Fagor the Half-Orc [Level 2] [Delves 3a, 3b, 4, 5, 6, 6b, 7, 8, 9, 10, 11, 12, 13, 14 and 15] — 2000 + 800 + 734 + 70 + 191 + 528 = FROZEN AT 4000 UNTIL HE LEVELS [His horns have grown incredibly large. Looks frightening and diabolical.] (His name means “astonishing hero” in orcish. For real!) +666 gold from session 12, + 141 gold from session 14, +152 gold from session 15 [Member of the Order of the Knights of Trollopulous]

Half-Beard the Veteran — [Delve 12, 13, 14 and 15] 666 +141 + 152 = 1009 gold, 734 + 70 + 191 + 528 = 1523 XP. [Member of the Order of the Knights of Trollopulous]

Narjhan the Rogue — [Delve 11, 13, 14 and 15] 800 + 70 + 191 + 528 = FROZEN AT 1250 UNTIL HE LEVELS (Has weird ‘weeping dagger’ and a rope that follows voice commands.) (+141 gold from session 14 and +152 gold from session 15.)

Fluid the Druid — [Delve 9, 10, 11, 14, and 15] 2000 + 191 + 528 = 2191 XP. (+141 gold from session 14 and +152 gold from session 15.)

New Guy Fighter aka Rhedgar — [Delve 15 only] +152 gold and 528 XP.

Gilgald, Logan, and Simon — [Delve 12, 13, 14, and 15] Studded Leather and shortswords. 333 + 70 + 76 = 479 gold and 362 + 35 + 95 + 264 = 756 XP each!

Nasty and Dernhelm — [Delve 12, 14 and 15] Studded Leather and shortswords. 333 + 70 + 76 = 479 gold and 362 + 95 + 264 = 721 XP each! (Training for dedicated grappling)

Experience and Treasure:

The players sold the collar for shares of 152 gold each (with 76 going to the henchmen). XP shares are 528 each (with 264 going to the henchmen.)

Time:

Day 1: The Hole in the Sky

Day 2: The Thing in the Sewer

Day 7: The Big Score part I

Day 8: The Big Score part II

(Day 9-14 — player characters all carousing¹; Keebler Khan fully recovered) <—- I day of real world time = one day of game time!)
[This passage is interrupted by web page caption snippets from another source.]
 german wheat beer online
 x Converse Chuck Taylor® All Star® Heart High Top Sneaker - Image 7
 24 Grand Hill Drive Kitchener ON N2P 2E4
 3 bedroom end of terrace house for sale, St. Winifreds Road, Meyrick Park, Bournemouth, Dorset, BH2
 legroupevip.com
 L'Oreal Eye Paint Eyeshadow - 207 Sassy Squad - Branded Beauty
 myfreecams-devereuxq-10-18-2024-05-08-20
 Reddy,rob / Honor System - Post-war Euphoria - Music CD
Day 15: The Drums of the Dog People

(Day 16-21: More carousing, fasting, panhandling.)

Day 22-25: Altar of the Beast-women

(Day 26-31: Resting)

Day 32-33: The Pugs of Slaughter

(Day 34-39: Resting)

Day 40: The Overbearing of the Crystal Men

(Day 41-46: Resting)

Days 47-48: The Song of Fàgor

(Day 49-70: In shock from an awesomely weird adventure. Sad!)

Day 71: The Woman in the Ice

(Day 72-76: Resting)

Day 78-79: The Return to Trollopulous

(Day 80-85: Carousing in a besieged Trollopulous.)
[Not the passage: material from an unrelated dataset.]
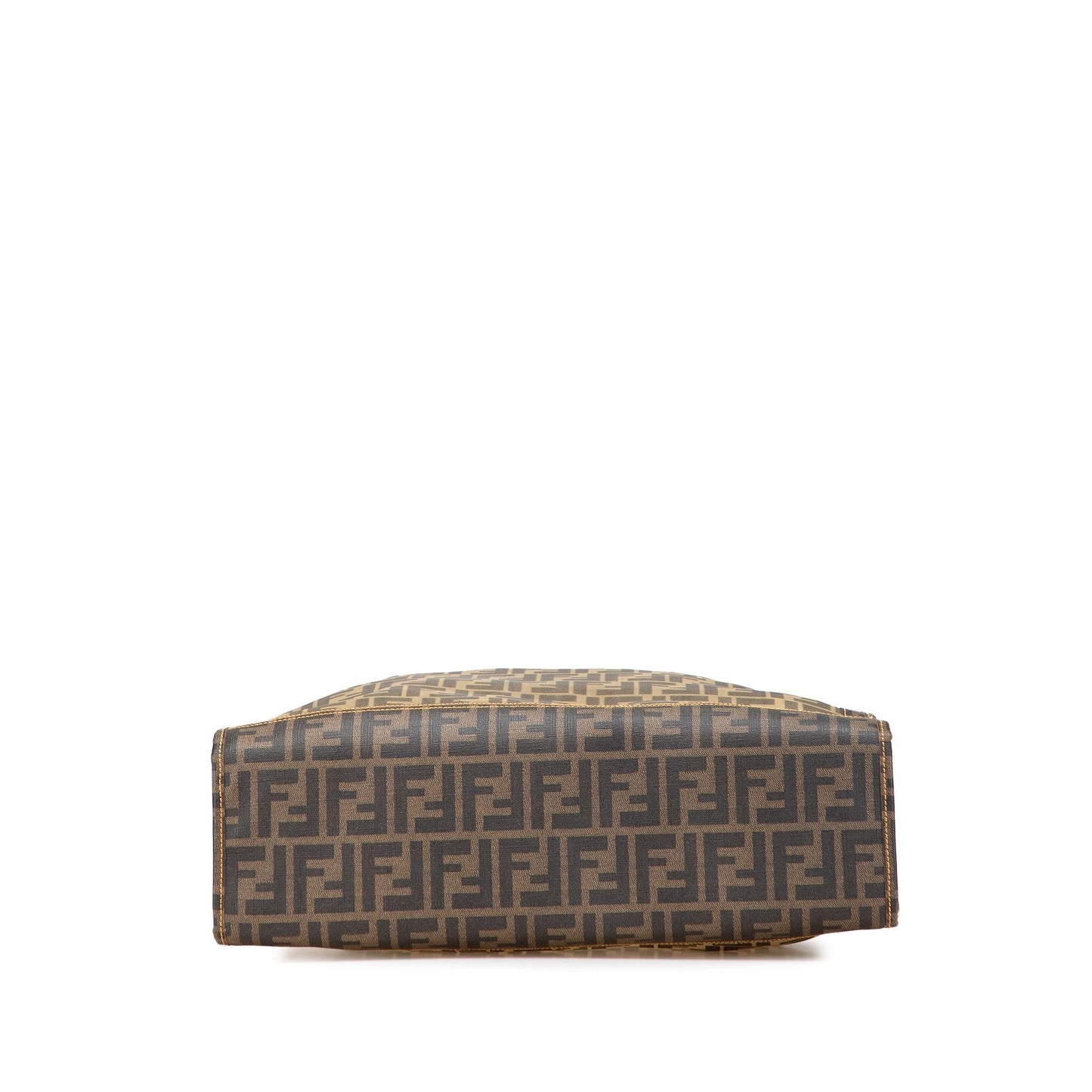 Fendi Tote Tote - Rovelle Bags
Day 86: “You Just Ruined My Story Arc”

(Day 87-92: Utterly exhausted!)

Day 93-95: The Schwérpunkt of the Pig-Men

(Day 96-101: Carousing)

Day 102: A Night in the Autonomous Zone

(Days 103-108: In Trollopulous)

Day 109: The Rave of the Monkey Goddess

(Day 110-115: Scouting out jungle and undead quarter)

Day 116: Snakepede Legion

The graveyard:

Dorkorus — Half-elf fighter/magic-user/thief — [Half brother to Keebler Khan, talked with a lisp!] Killed by a pug-man in the sewers  of Trolopulous.

Dairage — Elf fighter/magic-user — Killed with his shield spell on, valiantly taking down the leader of the pug-men so that the party could have a chance to escape certain death!
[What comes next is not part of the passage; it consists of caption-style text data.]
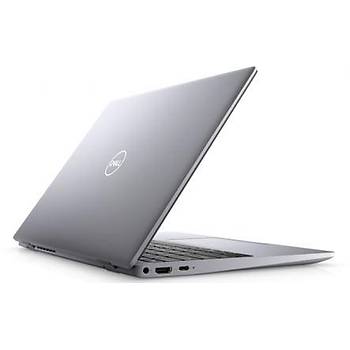 Dell Latitude 3330 N206L333013EMEA_W i7-1195G7 8GB 256GB SSD 13.3 Full Freedos Notebook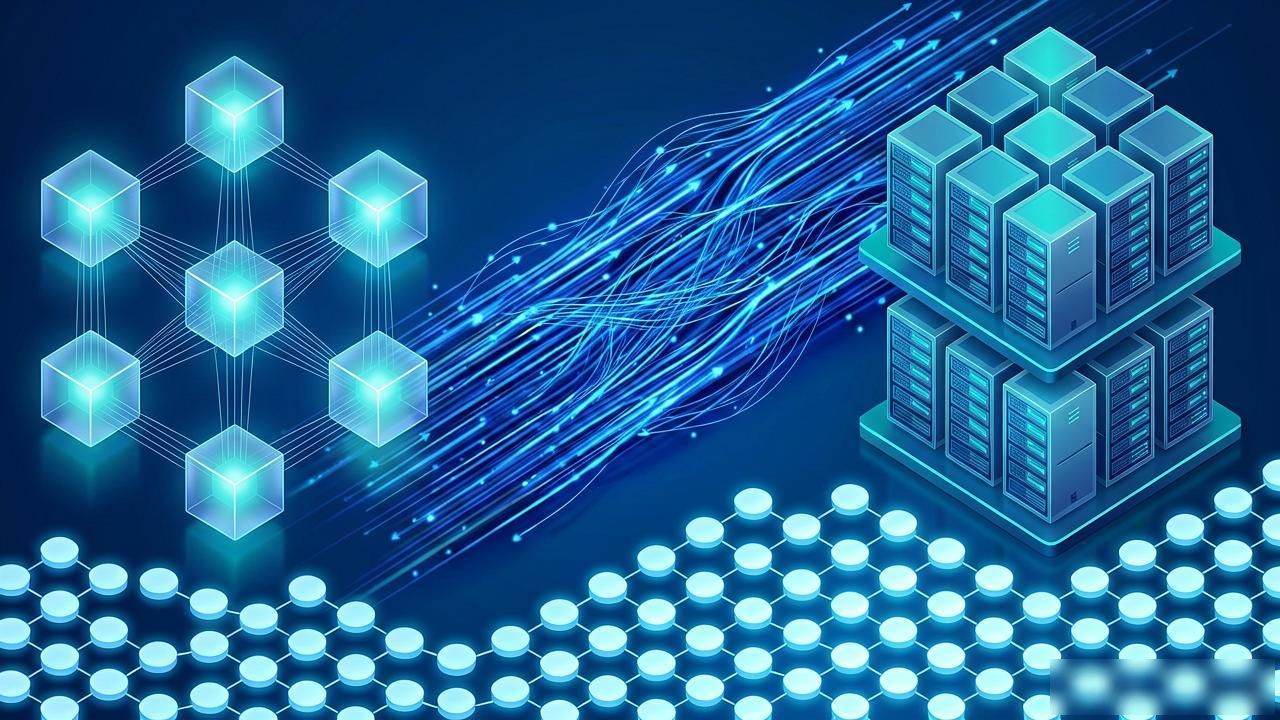 如何搭建安全高效的开源数字货币交易中心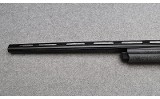Savage ~ Renegauge ~ 12 gauge - Image 7 of 13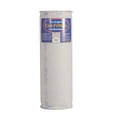 thumbnail image 1 of Can 125 Replacement Pre Filter for Carbon Filter, 1 of 3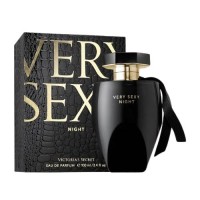 Victoria Secret Very Sexy Night EDP For Her 50 ml / 1.7 Fl. oz.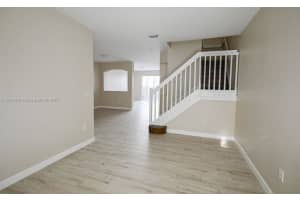 8134 Nw 107th Path Doral, FL 33178 - MLS#A11881628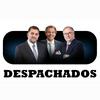 undefined Despachados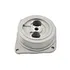 ford motor parts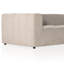 Langham Modular Sectional-88233208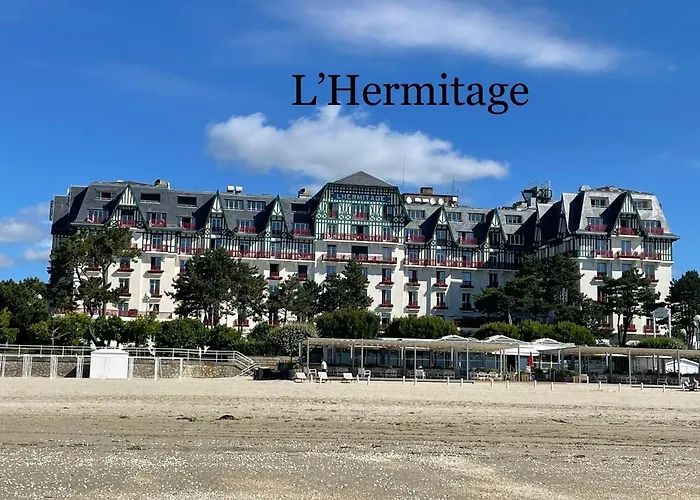 Les Voiles De Appartement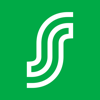 S-mobiili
9 Hapless men-at-arms! — Killed by the pug-men in the sewers of Trollopulous!

Arthur the Gallant (7 hits) [Delves 2, 3a, 3b, 4, 5, 6a, 6b, 7, 8, and 9] XP: 122 + 753 + 351 + 54 + 766 + 8 + 80 + 255 + 0 + 195 = 2584 [Looked like a member of ZZ Top] — Killed in the sewers of Trollopulous while bashing a baby wererat with his shield.

Catskinner the thug — Smashed to a pulp by a white ape in the swamps near Trollopulous.

Aulis Martel the Adept (8 hits) [Delves 3a, 3b, 4, 5, 6a, 7, and 13] XP: 753 + 351 + 54 + 766 + 8 + 255 => Just leveled up at 1500 XP. Reduced to idiocy by a Guild Navigator in the basement of the party’s autonomous zone in the undead quarter of Trollopulous.